The government’s military forces carried out the offensive in the north on Wednesday, which led to the fresh displacement of thousands of civilians, who were headed for the border with Sudan. “There can be no military solution to the crisis in South Sudan,” the statement read.

“There can be no military solution to the crisis in South Sudan,” the statement read. In addition, fears of retaliation could mean further devastation for local communities, as soldiers have been known to regularly turn on local civilians following a government combat operation. For instance, last month, refugees reported that government forces deliberately targeted civilians in an attack on a Ugandan border town.

Password Okot, 30, a farmer, told Al Jazeera that government soldiers had killed both his brothers. One brother, a 35-year-old mechanic, Ayela Peter, was picked from a crowd, tied by his ankles and had his throat slit before he was hung from a doorway. “When they saw them slaughtering my brother, people scattered and started running. When they were running, they shot my other brother,” Okot told the publication.

Since the conflict began in December 2013, almost 1 in 3 people in South Sudan have been displaced. The complex humanitarian crisis has seen conditions worsening for civilians, which has been compounded by a violent, multifarious, and evolving conflict, along with drought and other climatic challenges, food insecurity and famine, hyperinflation, and currency depreciation.

With that said, earlier this week, commercial banks in South Sudan completely ran out of cash.

While the beginning of the conflict was centred on two warring parties, namely the government and the Sudan Peoples’ Liberation Movement, the conflict has evolved whereby opposition groups continuously localize and create friction.

With this discerned lack of tactical control, fragmented opposition groups frequently pillage local communities and attack civilians.

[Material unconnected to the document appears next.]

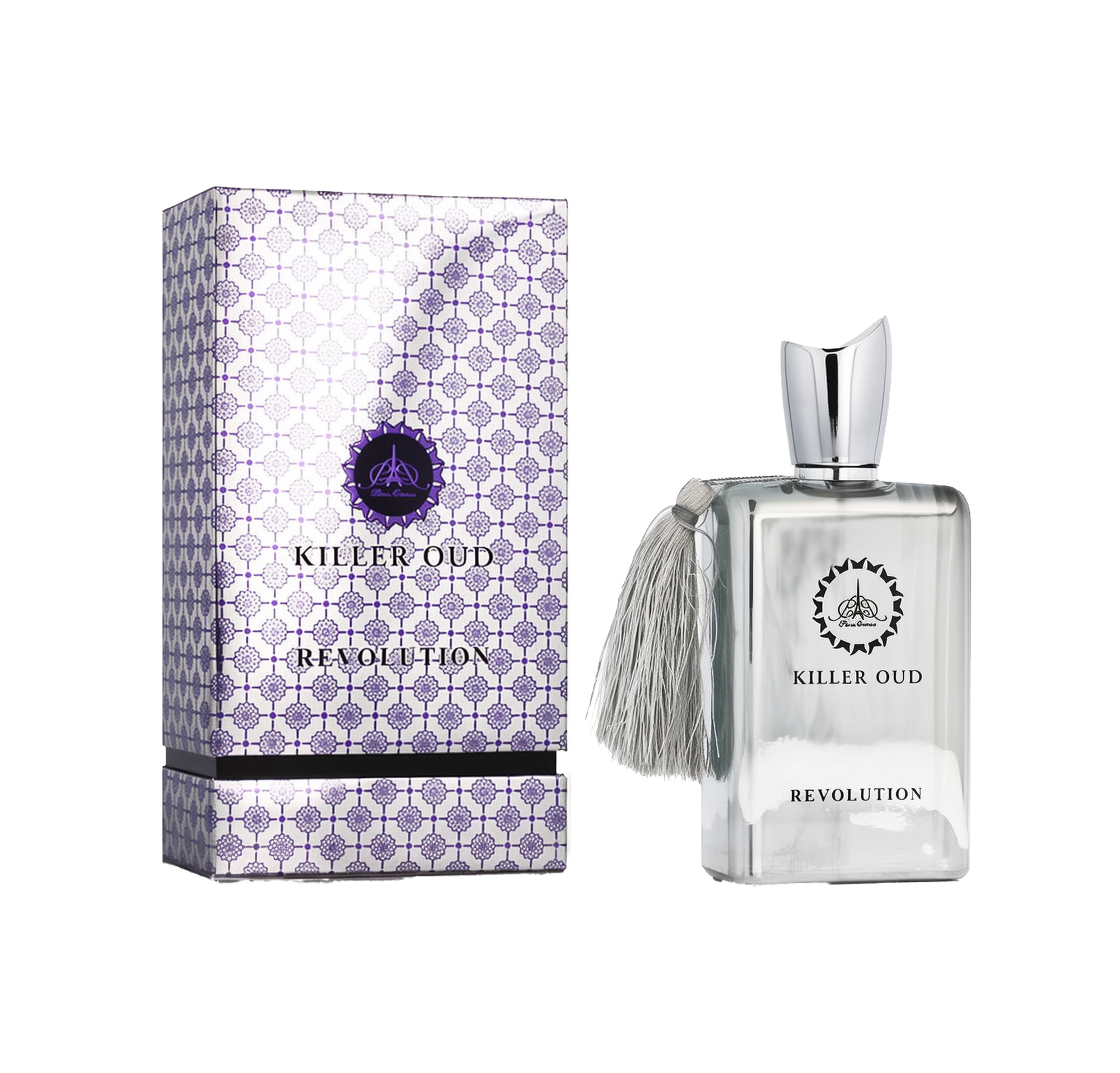 A rectangular silver perfume bottle with a silver tassel and a metallic cap, labeled “Killer Oud Revolution,” standing beside a coordinating box featuring a purple and silver geometric pattern.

Despite a peace deal being signed in August 2015 by South Sudan’s President Salva Kiir and rebel leader Riek Machar in August, the conflict continues to evolve, thereby causing relentless devastation for affected communities. Human Right Watch’s South Sudan Researcher, Jonathan Pedneault said, “the people of South Sudan were abandoned by their leaders a long time ago. The UN Security Council and regional organizations have failed civilians. Today’s famine is the price of inaction.”